## Exercise objective
Can you return the records below exactly as they stand, but only from the first line through the one with "таблы Баксан"?
--- Data for review Enclosed Below ---
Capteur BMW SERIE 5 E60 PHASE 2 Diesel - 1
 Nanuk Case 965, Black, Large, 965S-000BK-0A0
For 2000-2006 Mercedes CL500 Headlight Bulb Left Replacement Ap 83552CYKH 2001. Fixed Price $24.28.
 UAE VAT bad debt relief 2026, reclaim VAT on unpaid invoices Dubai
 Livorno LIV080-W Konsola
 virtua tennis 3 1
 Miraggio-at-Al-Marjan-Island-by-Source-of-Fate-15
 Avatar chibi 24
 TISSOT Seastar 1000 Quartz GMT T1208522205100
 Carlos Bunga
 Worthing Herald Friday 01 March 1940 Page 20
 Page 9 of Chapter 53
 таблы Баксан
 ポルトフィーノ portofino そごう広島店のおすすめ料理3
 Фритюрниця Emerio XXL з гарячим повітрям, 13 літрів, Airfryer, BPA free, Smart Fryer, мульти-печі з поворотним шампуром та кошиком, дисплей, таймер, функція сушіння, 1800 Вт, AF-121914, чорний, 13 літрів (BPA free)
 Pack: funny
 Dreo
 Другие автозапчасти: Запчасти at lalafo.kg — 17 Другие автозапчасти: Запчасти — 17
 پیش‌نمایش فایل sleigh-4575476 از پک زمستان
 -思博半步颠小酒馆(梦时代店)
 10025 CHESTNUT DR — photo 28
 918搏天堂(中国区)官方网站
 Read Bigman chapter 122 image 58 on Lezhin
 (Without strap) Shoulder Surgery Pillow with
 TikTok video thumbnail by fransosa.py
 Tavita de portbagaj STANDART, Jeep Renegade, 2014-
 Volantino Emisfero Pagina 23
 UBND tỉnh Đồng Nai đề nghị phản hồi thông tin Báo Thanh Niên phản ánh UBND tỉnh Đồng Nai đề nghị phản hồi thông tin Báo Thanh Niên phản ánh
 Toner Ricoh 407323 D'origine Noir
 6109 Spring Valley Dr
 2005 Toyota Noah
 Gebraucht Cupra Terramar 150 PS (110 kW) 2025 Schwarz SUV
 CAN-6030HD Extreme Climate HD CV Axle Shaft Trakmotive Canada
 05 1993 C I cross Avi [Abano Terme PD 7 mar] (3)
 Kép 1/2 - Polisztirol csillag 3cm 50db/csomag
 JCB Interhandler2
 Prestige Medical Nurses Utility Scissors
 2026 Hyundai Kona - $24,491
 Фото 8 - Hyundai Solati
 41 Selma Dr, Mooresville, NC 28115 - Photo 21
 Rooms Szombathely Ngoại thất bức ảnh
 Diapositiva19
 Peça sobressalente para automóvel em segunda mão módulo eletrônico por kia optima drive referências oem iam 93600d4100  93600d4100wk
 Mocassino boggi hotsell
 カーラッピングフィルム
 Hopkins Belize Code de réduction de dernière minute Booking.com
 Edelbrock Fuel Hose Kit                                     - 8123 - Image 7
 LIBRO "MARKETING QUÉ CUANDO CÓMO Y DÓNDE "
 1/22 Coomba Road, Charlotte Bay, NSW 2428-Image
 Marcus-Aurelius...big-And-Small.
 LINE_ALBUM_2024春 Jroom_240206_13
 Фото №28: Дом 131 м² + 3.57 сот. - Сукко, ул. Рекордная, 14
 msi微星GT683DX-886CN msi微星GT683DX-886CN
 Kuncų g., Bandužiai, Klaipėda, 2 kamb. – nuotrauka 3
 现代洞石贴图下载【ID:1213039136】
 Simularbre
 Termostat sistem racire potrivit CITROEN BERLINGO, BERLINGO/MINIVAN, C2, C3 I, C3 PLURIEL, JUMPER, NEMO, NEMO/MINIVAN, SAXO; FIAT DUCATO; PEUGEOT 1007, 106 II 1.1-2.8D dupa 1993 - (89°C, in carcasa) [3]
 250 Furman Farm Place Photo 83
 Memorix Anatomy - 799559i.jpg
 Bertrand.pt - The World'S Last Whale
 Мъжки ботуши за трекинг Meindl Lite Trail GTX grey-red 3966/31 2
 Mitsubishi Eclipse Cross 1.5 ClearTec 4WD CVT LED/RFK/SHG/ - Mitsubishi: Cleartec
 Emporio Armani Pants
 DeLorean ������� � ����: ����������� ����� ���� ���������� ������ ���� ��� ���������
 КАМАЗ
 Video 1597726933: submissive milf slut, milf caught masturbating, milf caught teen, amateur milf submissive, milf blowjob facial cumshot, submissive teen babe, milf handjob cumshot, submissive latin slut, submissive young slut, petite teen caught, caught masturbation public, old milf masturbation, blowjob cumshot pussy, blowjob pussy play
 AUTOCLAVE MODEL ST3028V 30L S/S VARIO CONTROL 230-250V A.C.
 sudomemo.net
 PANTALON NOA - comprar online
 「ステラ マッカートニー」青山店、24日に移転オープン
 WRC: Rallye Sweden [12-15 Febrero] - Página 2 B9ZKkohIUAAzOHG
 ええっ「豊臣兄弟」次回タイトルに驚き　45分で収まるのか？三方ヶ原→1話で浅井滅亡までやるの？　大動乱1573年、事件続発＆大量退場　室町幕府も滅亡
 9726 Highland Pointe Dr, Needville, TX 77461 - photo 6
--- End of Enclosed Data for review ---
## Result of this exercise
Capteur BMW SERIE 5 E60 PHASE 2 Diesel - 1
 Nanuk Case 965, Black, Large, 965S-000BK-0A0
For 2000-2006 Mercedes CL500 Headlight Bulb Left Replacement Ap 83552CYKH 2001. Fixed Price $24.28.
 UAE VAT bad debt relief 2026, reclaim VAT on unpaid invoices Dubai
 Livorno LIV080-W Konsola
 virtua tennis 3 1
 Miraggio-at-Al-Marjan-Island-by-Source-of-Fate-15
 Avatar chibi 24
 TISSOT Seastar 1000 Quartz GMT T1208522205100
 Carlos Bunga
 Worthing Herald Friday 01 March 1940 Page 20
 Page 9 of Chapter 53
 таблы Баксан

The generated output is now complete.